- Règne : Animalia
- Classe : Insecta
- Ordre : Lepidoptera
- Super-famille : papilionoidea
- Famille :Lycaenidae
- Sous-famille : Polyommatinae
- Genre : Lysandra
présentation
L’Argus bleu céleste est une espèce de lépidoptères appartenant à la famille des Lycaenidae. Cette famille compte environ 6 000 espèces dans le monde, dont une centaine vivent en Europe et une centaine sont présentes en France. Parmi les plus communes que l’on rencontre sur le territoire figurent l’Argus bleu, le Collier-de-corail, le Cuivré commun, le Thècle de la ronce ou encore l’Azuré des parcs.
L’une des principales caractéristiques de ce groupe réside dans la petite taille des individus et le dimorphisme sexuel souvent marqué. La coloration bleue éclatante des ailes de nombreux mâles ne provient pas de pigments, mais d’une coloration structurale induite par la diffraction de la lumière sur les écailles micro-structurées.

Il est rattaché à la sous-famille des Polyommatinae, un groupe dont les membres partagent souvent une biologie complexe liée à leurs chenilles. Les chenilles des Polyommatinae présentent généralement une forme ramassée et aplatie, rappelant celle d’un cloporte. Elles sont recouvertes d’une cuticule relativement épaisse qui les protège des agressions extérieures. Plusieurs espèces entretiennent également des relations étroites avec les fourmis.
Il appartient au genre Lysandra, qui regroupe des papillons dont les larves sont inféodées aux fabacées, principalement aux hippocrépides. La particularité majeure de ce genre réside dans la structure des pièces génitales des mâles et dans des formules chromosomiques spécifiques qui l’isolent des genres voisins. Cet insecte pratique la myrmécophilie*, ce qui signifie que les larves entretiennent une relation de dépendance avec les fourmis, ces dernières protégeant les chenilles en échange de sécrétions sucrées.
L’espèce type du genre Lysandra est Lysandra coridon, décrite à l’origine sous le nom de Papilio coridon.
Description
L’azuré bleu céleste est un petit papillon qui a une envergure comprise entre 27 et 32 mm.


L’espèce présente un dimorphisme important qui permet de distinguer facilement les sexes. Le mâle a le dessus des ailes bleues avec des iridescences qui rendent le bleu très lumineux lorsqu’il est éclairé par le soleil. Le tout est souligné par une très fine ligne noire marginale. Les ailes de la femelle sont marron avec des lunules orange sur le pourtour. Les lunules des postérieures sont accompagnées d’une tache blanche contenant un point noir. Deux traits noirs marquent les antérieures. Les ailes sont recouvertes vers la base de suffusions bleues qui peuvent parfois s’étendre sur des zones plus larges.

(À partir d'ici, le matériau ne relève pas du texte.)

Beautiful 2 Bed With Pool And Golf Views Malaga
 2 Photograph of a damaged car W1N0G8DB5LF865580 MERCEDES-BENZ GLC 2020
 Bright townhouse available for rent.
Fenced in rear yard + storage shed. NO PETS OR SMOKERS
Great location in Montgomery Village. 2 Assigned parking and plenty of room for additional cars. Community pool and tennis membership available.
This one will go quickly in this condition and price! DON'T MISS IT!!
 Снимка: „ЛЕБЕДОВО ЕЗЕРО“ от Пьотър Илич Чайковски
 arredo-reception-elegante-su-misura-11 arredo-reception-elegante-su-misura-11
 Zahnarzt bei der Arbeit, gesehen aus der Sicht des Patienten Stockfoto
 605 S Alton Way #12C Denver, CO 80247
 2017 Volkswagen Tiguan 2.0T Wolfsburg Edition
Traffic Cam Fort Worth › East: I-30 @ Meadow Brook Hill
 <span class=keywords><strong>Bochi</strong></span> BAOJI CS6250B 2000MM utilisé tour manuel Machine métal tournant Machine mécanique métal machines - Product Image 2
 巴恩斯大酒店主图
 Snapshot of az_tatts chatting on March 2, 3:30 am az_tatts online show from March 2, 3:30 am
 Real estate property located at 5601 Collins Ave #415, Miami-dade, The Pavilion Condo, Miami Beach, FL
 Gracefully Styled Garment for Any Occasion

Le revers des ailes est gris-brun avec des points noirs cerclés de blanc et une série de lunules orange.
Les antennes sont filiforme et possèdent une structure typique de la famille des Lycaenidae. Elles se caractérisent par une alternance d’anneaux noirs et blancs sur toute la longueur. L’extrémité s’élargit et se termine par une massue sombre, dont la pointe présente une coloration rousse ou orangée. Cet aspect bicolore et annelé s’observe facilement et complète les critères d’identification de l’espèce.
Certaines femelles ont des zones bleues plus étendues qui peuvent parfois recouvrir la totalité des ailes comme sur la forme.ceronus.

Argus bleu céleste pris hier (18 mai 2025) au coucher du soleil devant chez moi . Il présentait ses ailes bien ouvertes face au soleil pour profiter des derniers rayons . C’est ce qu’on appelle « jouir jusqu’au bout «
on peut noter la belle couleur bleue des antérieures parcourue d’iridescences ainsi que les ronds noir antémarginaux. Ils ne sont pas toujours présents sur cette espèce . Il s’agit ici d’un mâle.
Alimentation
Les adultes se nourrissent de nectar . ils apprécient tout particulièrement celui de l’Hippocrépide à toupet, mais butinent également les fleurs de l’origan, , du serpolet ou celles du lotier corniculé. Ils aiment aussi se rassembler pour aspirer l’humidité du sol.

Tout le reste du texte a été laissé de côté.